%************************************************************************
%*									*
\subsection{The front end of the compiler}
\label{sec:front-end}
%*									*
%************************************************************************

The previous section covered the main points about the front end of
the compiler: it is dominated by a ``renamer'' and a typechecker
working directly at the Haskell source level.  In this section, we
will look at some basic datatypes used or introduced in the front
end---ones that you may see as input to your optimisation pass.

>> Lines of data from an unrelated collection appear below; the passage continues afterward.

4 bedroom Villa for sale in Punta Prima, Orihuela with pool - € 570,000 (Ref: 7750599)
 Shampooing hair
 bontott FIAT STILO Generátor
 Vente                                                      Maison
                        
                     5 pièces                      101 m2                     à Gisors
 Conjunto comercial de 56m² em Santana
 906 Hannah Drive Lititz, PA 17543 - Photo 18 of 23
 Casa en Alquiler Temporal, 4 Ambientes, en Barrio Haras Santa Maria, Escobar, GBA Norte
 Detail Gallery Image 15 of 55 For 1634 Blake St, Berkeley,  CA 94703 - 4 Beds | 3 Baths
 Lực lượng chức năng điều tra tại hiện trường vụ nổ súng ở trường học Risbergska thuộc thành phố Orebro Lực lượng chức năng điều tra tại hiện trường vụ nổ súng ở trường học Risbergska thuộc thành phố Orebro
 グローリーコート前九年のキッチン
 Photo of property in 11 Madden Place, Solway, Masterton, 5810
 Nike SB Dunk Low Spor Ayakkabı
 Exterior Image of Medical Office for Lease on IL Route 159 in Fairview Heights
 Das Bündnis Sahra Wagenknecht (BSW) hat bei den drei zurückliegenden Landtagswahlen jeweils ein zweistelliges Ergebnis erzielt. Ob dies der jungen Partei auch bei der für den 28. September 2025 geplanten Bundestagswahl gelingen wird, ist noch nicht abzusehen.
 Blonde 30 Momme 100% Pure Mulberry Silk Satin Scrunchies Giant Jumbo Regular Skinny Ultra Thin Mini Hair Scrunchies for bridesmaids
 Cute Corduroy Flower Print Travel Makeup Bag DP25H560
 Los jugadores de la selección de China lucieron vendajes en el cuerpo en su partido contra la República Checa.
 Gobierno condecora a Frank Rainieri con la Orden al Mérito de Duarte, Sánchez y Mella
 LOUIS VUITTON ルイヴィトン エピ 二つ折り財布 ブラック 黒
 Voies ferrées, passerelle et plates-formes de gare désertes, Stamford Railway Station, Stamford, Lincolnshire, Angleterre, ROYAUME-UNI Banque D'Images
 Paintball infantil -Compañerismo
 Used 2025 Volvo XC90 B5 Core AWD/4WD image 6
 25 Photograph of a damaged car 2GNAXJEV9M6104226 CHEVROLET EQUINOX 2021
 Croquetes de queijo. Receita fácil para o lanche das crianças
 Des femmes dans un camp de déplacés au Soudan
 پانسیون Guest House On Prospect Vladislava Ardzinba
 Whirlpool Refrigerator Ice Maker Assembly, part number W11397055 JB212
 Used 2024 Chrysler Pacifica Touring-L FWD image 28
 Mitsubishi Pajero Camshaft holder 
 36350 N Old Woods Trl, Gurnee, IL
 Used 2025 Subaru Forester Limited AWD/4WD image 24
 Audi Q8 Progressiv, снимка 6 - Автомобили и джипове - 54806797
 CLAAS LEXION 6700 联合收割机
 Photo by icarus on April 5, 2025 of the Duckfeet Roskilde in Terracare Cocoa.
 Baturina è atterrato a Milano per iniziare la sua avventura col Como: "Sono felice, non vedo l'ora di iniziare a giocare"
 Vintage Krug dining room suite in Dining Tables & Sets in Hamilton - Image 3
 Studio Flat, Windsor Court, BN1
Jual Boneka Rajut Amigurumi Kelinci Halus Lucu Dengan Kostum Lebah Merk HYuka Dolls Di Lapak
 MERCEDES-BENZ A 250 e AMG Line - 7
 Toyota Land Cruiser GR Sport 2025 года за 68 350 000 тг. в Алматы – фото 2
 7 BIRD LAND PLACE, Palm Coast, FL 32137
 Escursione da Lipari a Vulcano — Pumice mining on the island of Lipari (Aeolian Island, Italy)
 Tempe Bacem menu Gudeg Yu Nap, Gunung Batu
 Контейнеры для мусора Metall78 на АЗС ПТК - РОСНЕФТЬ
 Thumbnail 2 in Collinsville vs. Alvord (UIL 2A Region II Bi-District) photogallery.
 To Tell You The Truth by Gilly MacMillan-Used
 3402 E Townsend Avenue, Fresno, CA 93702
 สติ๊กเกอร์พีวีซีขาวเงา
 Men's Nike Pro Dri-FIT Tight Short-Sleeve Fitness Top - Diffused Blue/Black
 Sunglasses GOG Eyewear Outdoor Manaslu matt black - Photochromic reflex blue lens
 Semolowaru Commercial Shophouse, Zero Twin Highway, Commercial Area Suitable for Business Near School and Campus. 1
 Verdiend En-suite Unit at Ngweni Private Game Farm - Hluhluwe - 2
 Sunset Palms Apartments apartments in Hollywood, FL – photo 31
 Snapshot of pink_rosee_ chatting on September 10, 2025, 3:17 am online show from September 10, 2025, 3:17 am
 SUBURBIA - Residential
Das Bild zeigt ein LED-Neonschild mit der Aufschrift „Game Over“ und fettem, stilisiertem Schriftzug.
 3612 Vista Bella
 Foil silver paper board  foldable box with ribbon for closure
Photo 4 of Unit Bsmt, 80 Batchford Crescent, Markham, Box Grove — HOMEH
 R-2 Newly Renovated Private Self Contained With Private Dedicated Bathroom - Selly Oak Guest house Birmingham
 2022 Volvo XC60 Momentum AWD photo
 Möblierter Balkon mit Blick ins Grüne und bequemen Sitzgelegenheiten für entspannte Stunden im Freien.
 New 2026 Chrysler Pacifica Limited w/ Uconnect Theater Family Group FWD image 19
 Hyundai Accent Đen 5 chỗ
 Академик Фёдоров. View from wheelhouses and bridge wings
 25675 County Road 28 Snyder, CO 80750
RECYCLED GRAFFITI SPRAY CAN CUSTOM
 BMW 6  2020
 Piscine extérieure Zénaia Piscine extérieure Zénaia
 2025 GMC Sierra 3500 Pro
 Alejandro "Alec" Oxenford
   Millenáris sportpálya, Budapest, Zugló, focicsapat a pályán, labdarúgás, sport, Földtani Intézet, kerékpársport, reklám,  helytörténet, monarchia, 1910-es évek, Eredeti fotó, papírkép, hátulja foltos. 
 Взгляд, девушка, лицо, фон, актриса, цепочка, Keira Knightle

\subsubsection{``Abstract syntax'', a source-level datatype}
\label{sec:AbsSyntax}

As Figure~\ref{fig:overview} shows, the typechecker both reads and
writes a collection of datatypes we call ``Abstract syntax.''
This is misleading in that what
goes into the typechecker is quite different from what comes out.

Let's first consider this fragment of the abstract-syntax
definition\srcloc{abstractSyn/HsExpr.lhs}, for Haskell explicit-list
expressions (Haskell report, section~3.5
\cite{hudak91a}):\nopagebreak[4]
\begin{mytightcode}
data Expr var pat =
  ...
  | ExplicitList	[Expr var pat]
  | ExplicitListOut	UniType [Expr var pat]
  ...

type ProtoNameExpr	= Expr ProtoName ProtoNamePat
type RenamedExpr        = Expr Name RenamedPat
type TypecheckedExpr	= Expr Id TypecheckedPat\end{mytightcode}
an @ExplicitList@ appears only in typechecker input; an @ExplicitListOut@
is the corresponding construct that appears
only in the output, with the inferred type information attached.

The fragment above also shows how abstract syntax is {\em parameterised}
with respect to variables and patterns.  The idea is the same for
both; let's just consider variables.

The renamer converts @ProtoNameExprs@ (expressions with
@ProtoNames@\srcloc{basicTypes/ProtoName.lhs} as variables---little
more than just strings) into @RenamedExprs@, which have all naming sorted out
(using @Names@\srcloc{abstractSyn/Name.lhs}).  A @Name@ is known to be
properly bound, isn't duplicated, etc.; it's known if it's bound to a
built-in standard-prelude entity.

(The renamer also does dependency analysis, which is required to
maximise polymorphism in a Hindley-Milner type system.)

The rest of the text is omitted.